"""

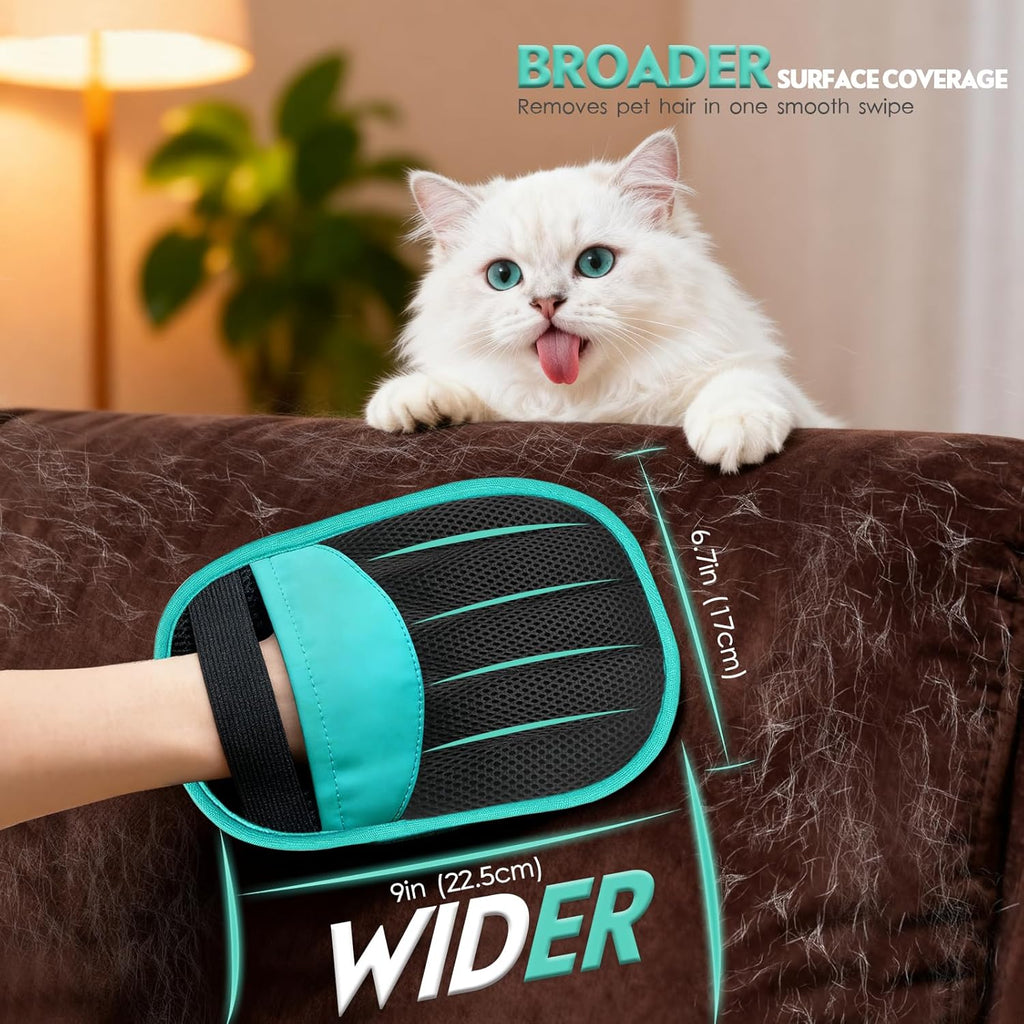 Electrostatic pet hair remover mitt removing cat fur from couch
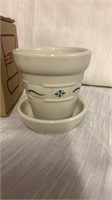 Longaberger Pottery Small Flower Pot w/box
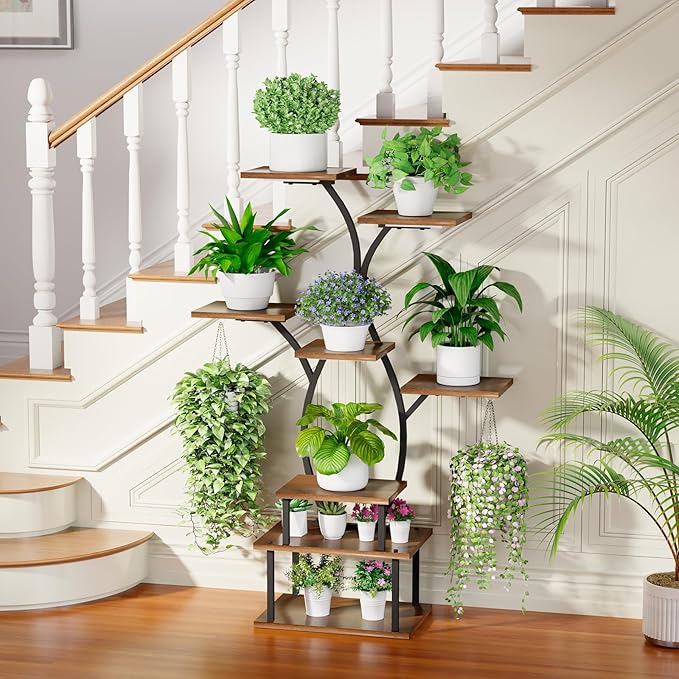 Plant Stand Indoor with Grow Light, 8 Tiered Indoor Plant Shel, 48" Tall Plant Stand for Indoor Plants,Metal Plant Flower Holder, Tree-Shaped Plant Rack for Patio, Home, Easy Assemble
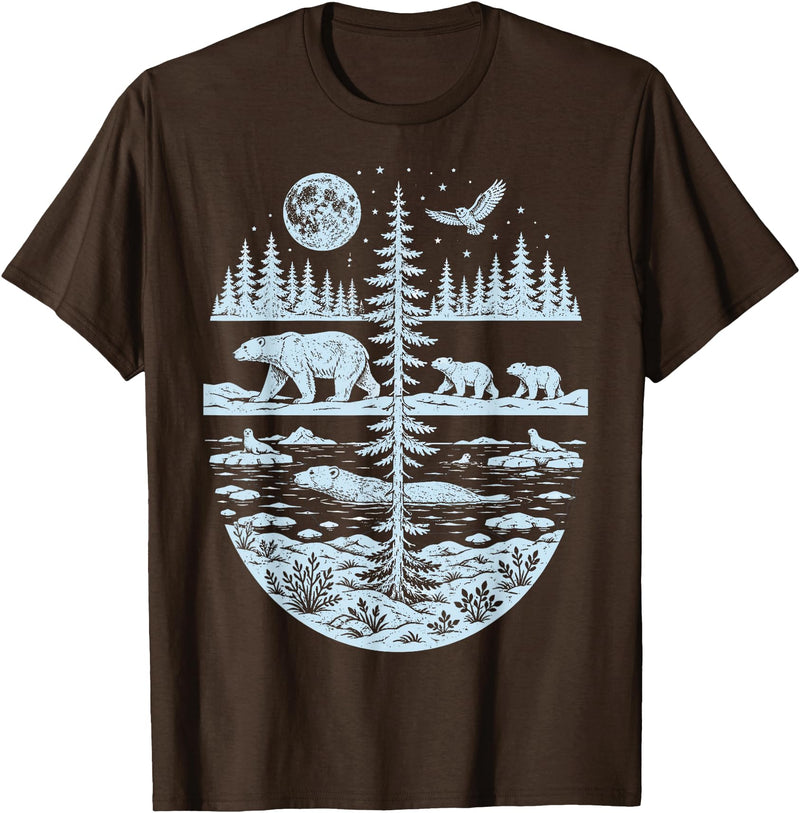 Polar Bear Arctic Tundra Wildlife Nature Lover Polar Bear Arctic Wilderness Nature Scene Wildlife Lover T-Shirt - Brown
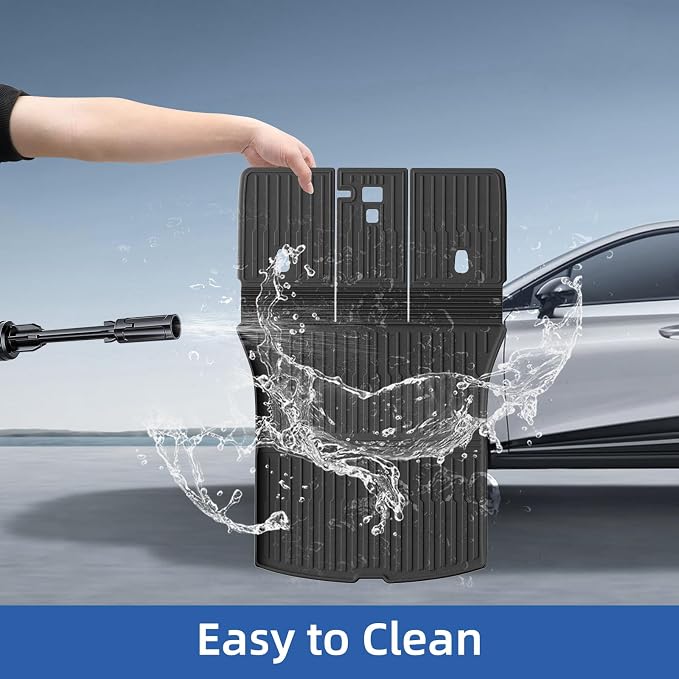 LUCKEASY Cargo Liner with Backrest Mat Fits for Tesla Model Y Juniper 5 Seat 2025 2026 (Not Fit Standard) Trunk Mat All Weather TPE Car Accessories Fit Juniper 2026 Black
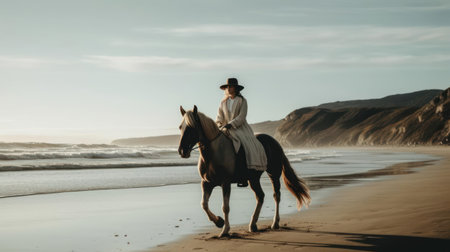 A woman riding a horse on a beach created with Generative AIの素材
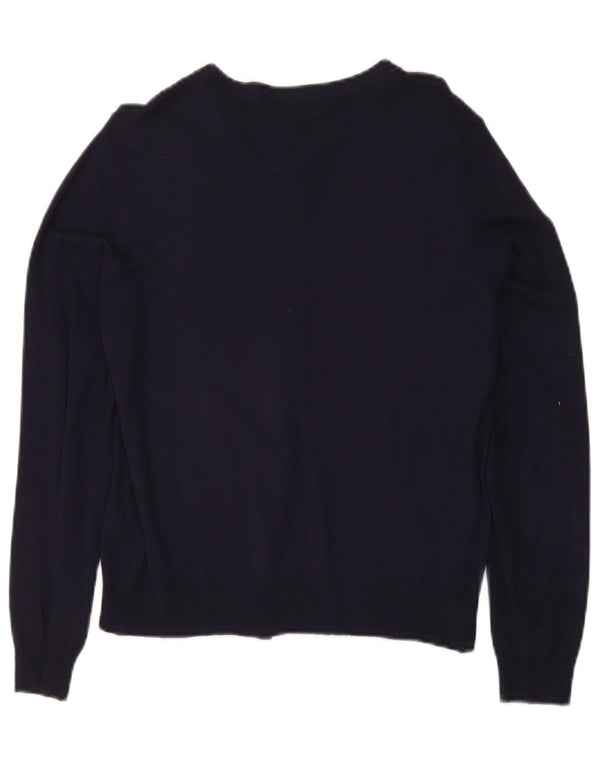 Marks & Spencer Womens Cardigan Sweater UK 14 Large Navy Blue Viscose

"""

TASK REQUIREMENTS » Exact lines only, please. Repeat everything from the top of the records through the line containing "Longaberger Pottery Small Flower Pot w/box", both ends in and pictures out.

OUTPUT »
 Electrostatic pet hair remover mitt removing cat fur from couch
 Longaberger Pottery Small Flower Pot w/box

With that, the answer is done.